When you write out the records, keep every word exact and drop the pictures.

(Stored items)
----------------------------------------

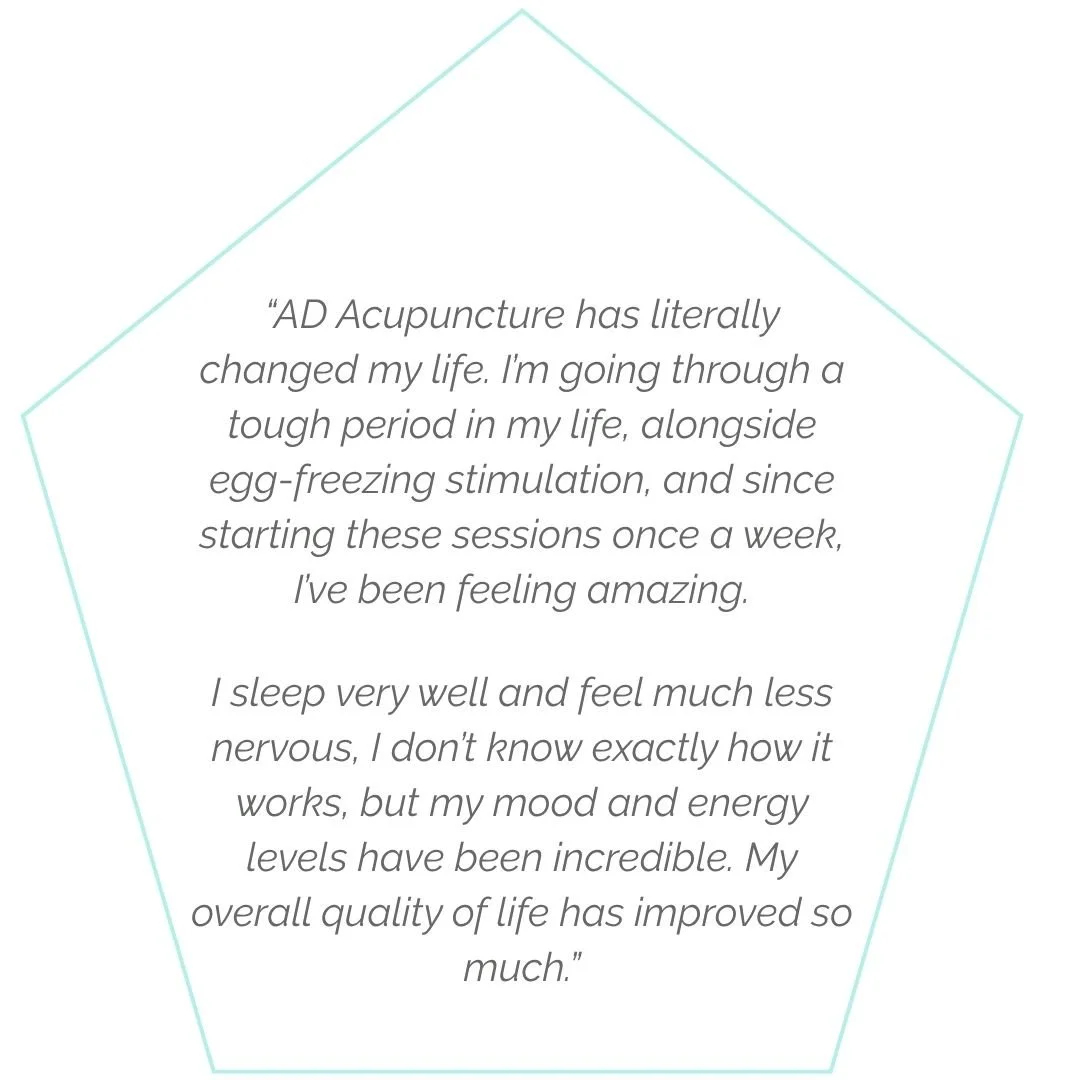 Customer testimonial in a pentagon-shaped frame about benefits of acupuncture, mentioning improved sleep, mood, and energy levels.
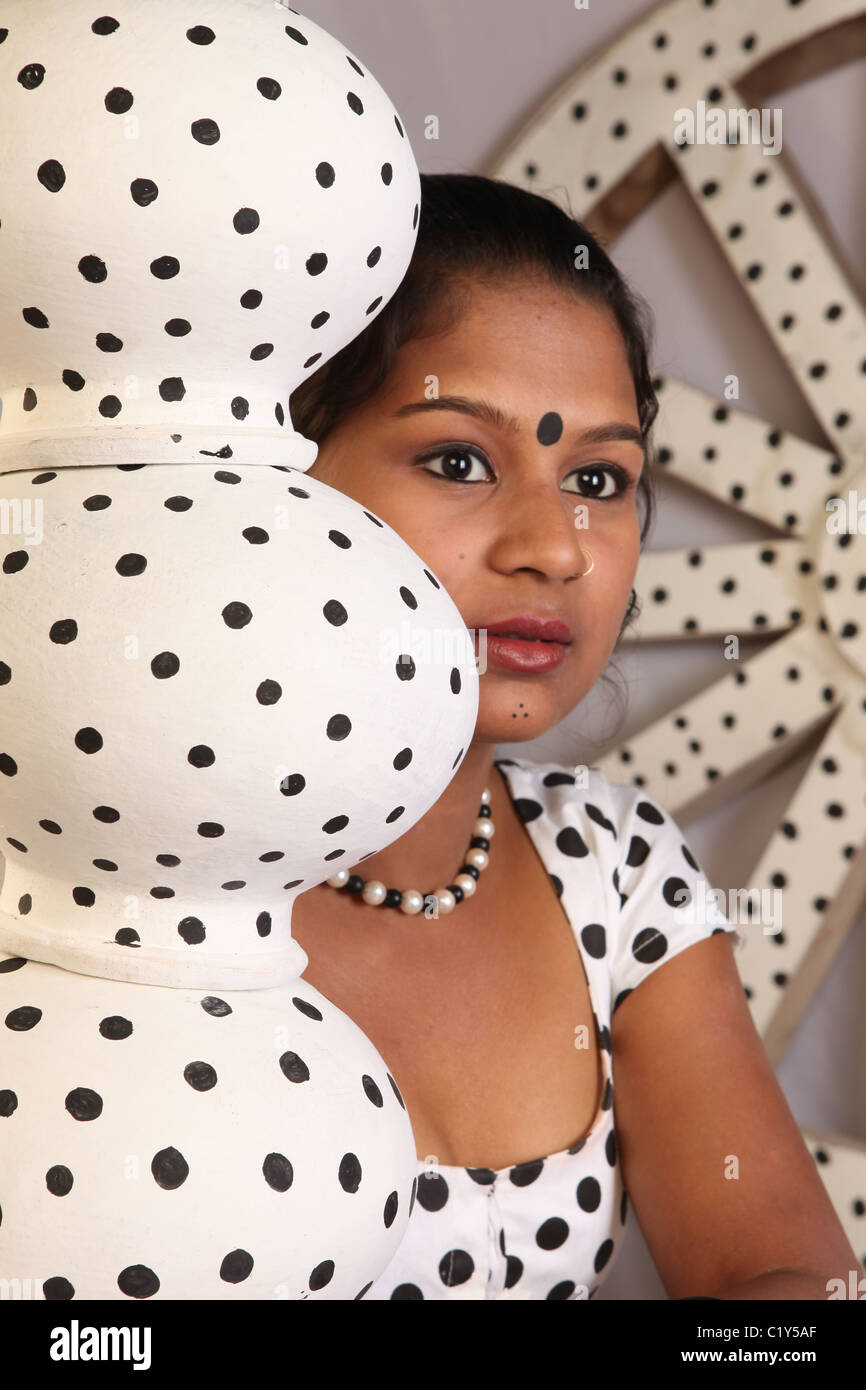 Un modèle indien en blouse designer Banque D'Images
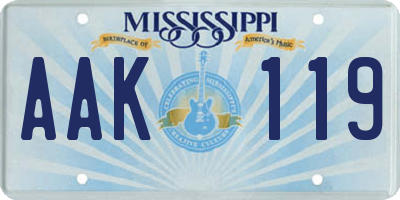 MS license plate AAK119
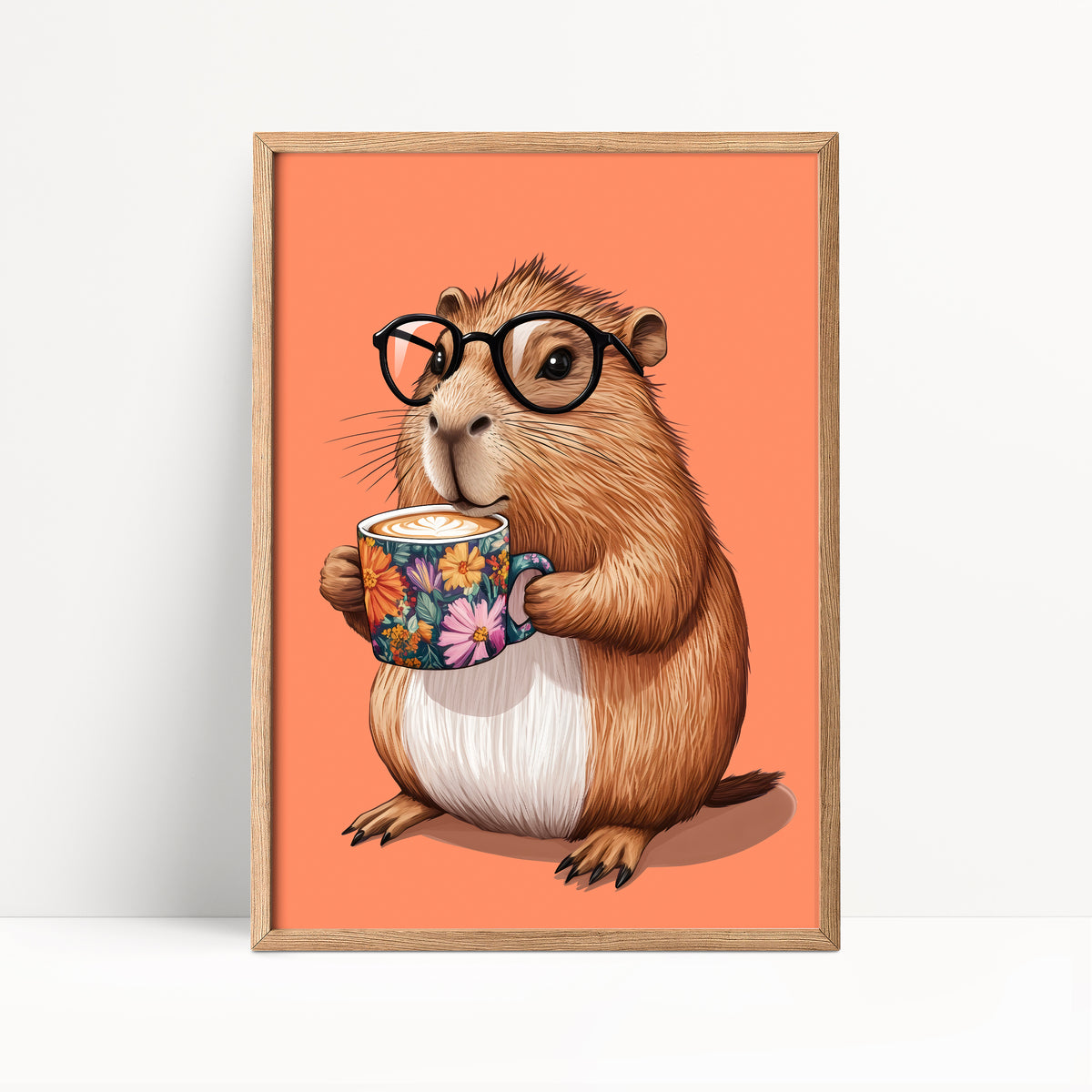 Capybara Drinking Coffee Print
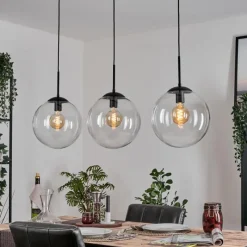 hofstein Gastor Suspension, Boule lumineuse, Suspension Clair, 3 lumières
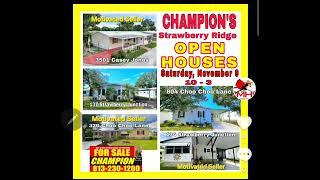 CHAMPION STRAWBERRY RIDGE OPEN HOUSES SATURDAY 10-3 813-230-1200  Homes starting $25,000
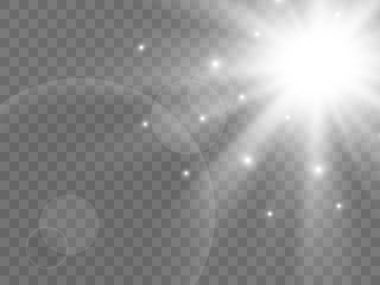 Şeffaf bir arkaplanda güneş ışığı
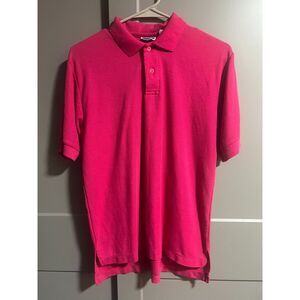 VTG Levi's Men Polo T-Shirt Short Sleeve Embroider Single Stitch Pink Medium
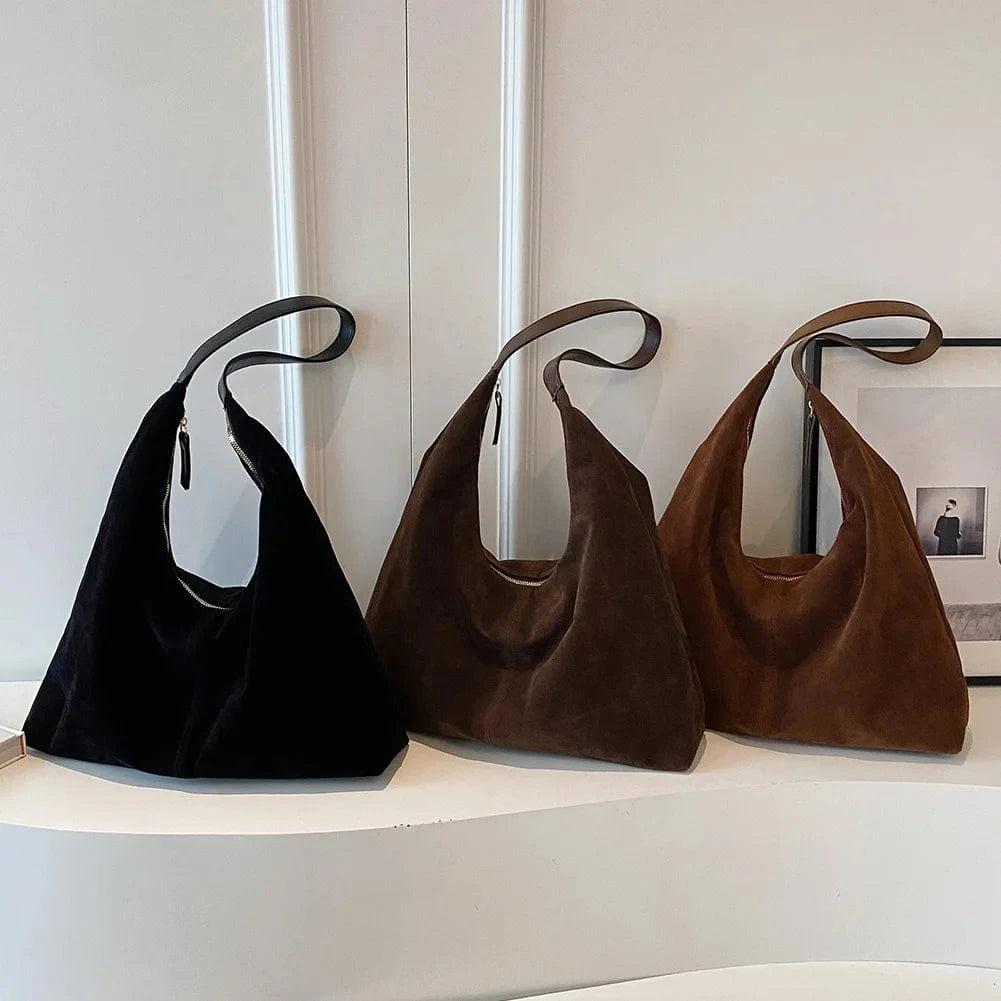 Women Suede Tote Bag with Zipper Shoulder Bag Large Capacity Hobo Bag Slouchy Bag Commuter Travel Bag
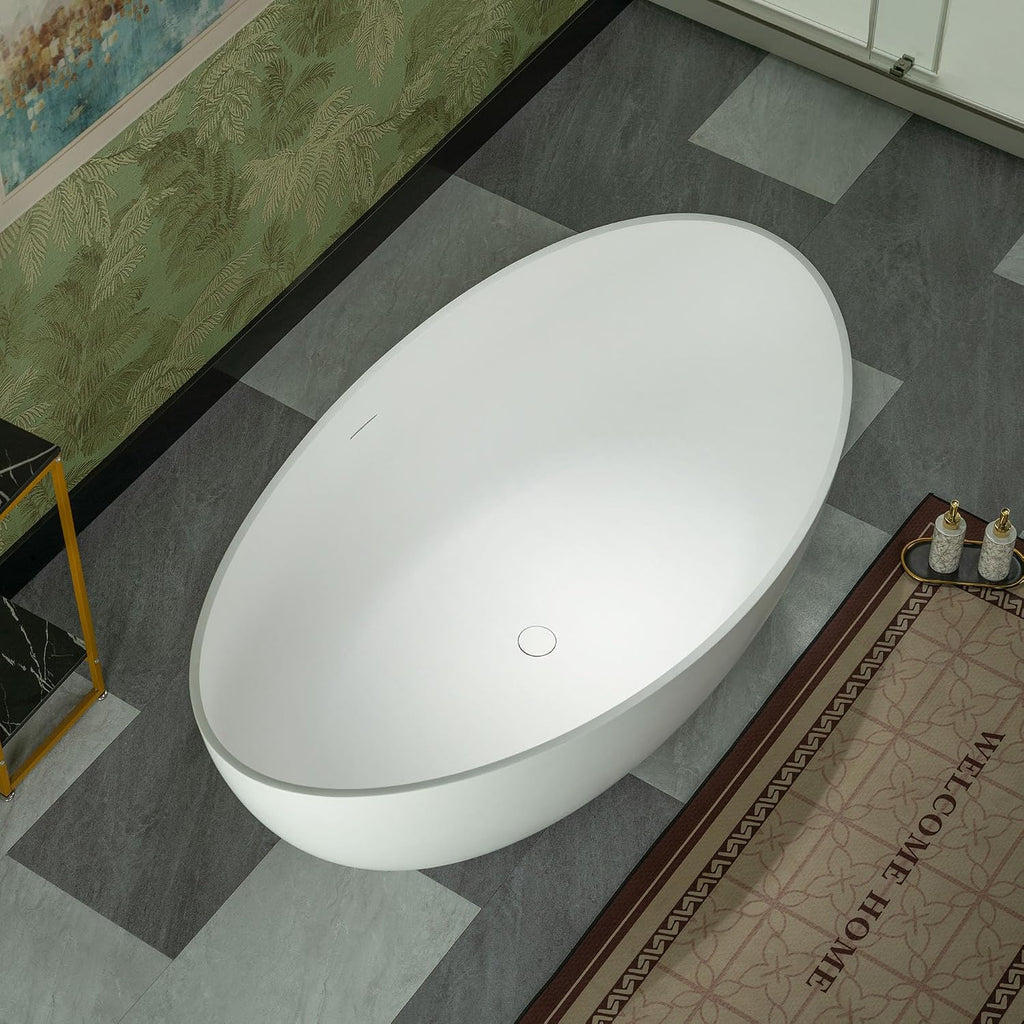 WOODBRIDGE 63' L x 35-3/8' W Luxury Contemporary Solid Surface Stone Resin Freestanding Bathtub in Matte White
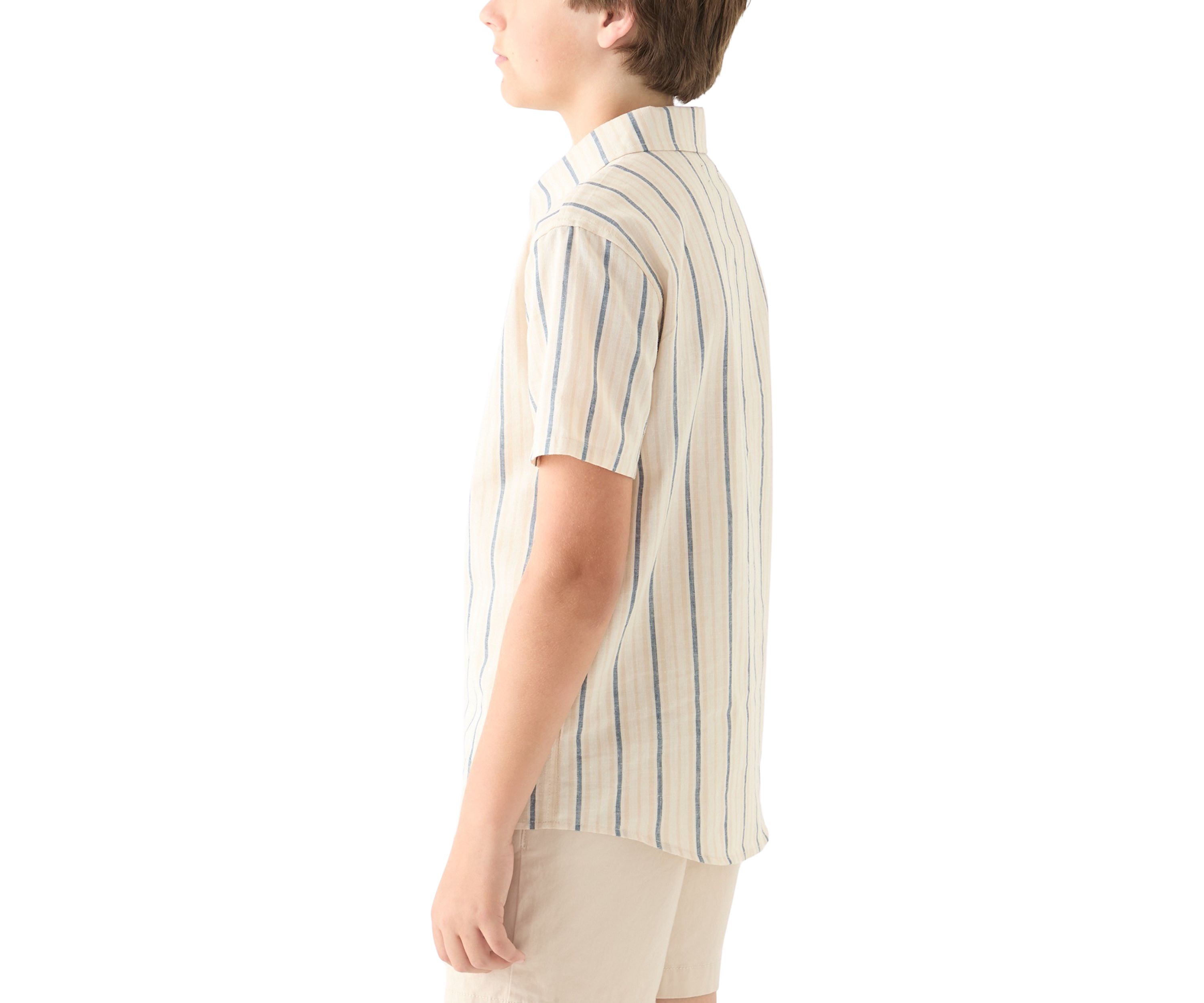 Boys 8-20 Short Sleeve Striped Cotton Linen Shirt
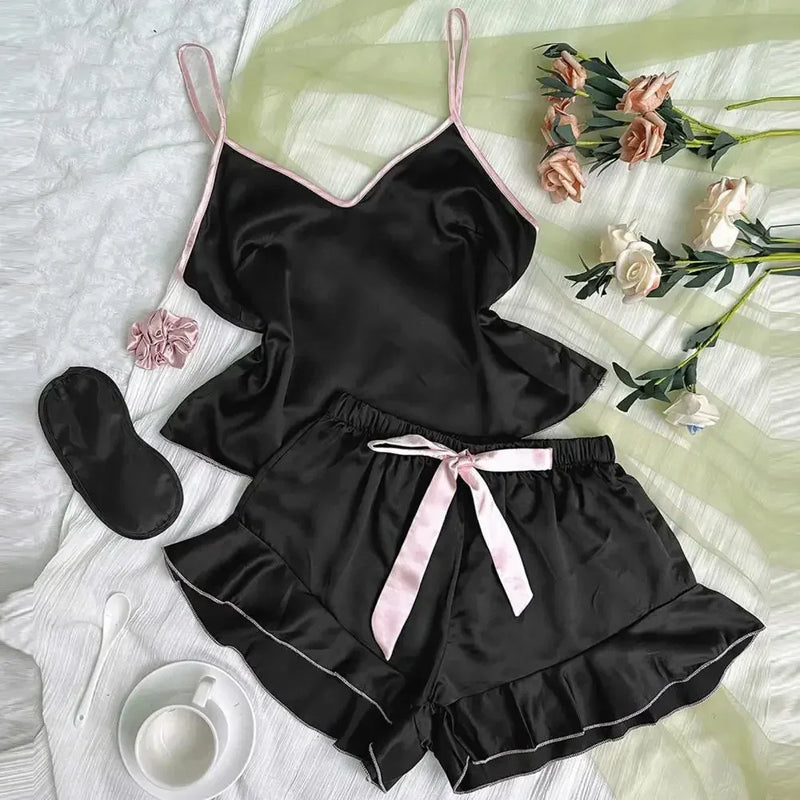 Conjunto de Pijama em Cetim com decote em V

----------------------------------------

Exercise solution:
 Customer testimonial in a pentagon-shaped frame about benefits of acupuncture, mentioning improved sleep, mood, and energy levels.
 Un modèle indien en blouse designer Banque D'Images
 MS license plate AAK119
 Capybara Drinking Coffee Print
 hofstein Gastor Suspension, Boule lumineuse, Suspension Clair, 3 lumières
 CHAMPION STRAWBERRY RIDGE OPEN HOUSES SATURDAY 10-3 813-230-1200  Homes starting $25,000
 Şeffaf bir arkaplanda güneş ışığı
 VTG Levi's Men Polo T-Shirt Short Sleeve Embroider Single Stitch Pink Medium
 Women Suede Tote Bag with Zipper Shoulder Bag Large Capacity Hobo Bag Slouchy Bag Commuter Travel Bag
 WOODBRIDGE 63' L x 35-3/8' W Luxury Contemporary Solid Surface Stone Resin Freestanding Bathtub in Matte White
 Boys 8-20 Short Sleeve Striped Cotton Linen Shirt
 Conjunto de Pijama em Cetim com decote em V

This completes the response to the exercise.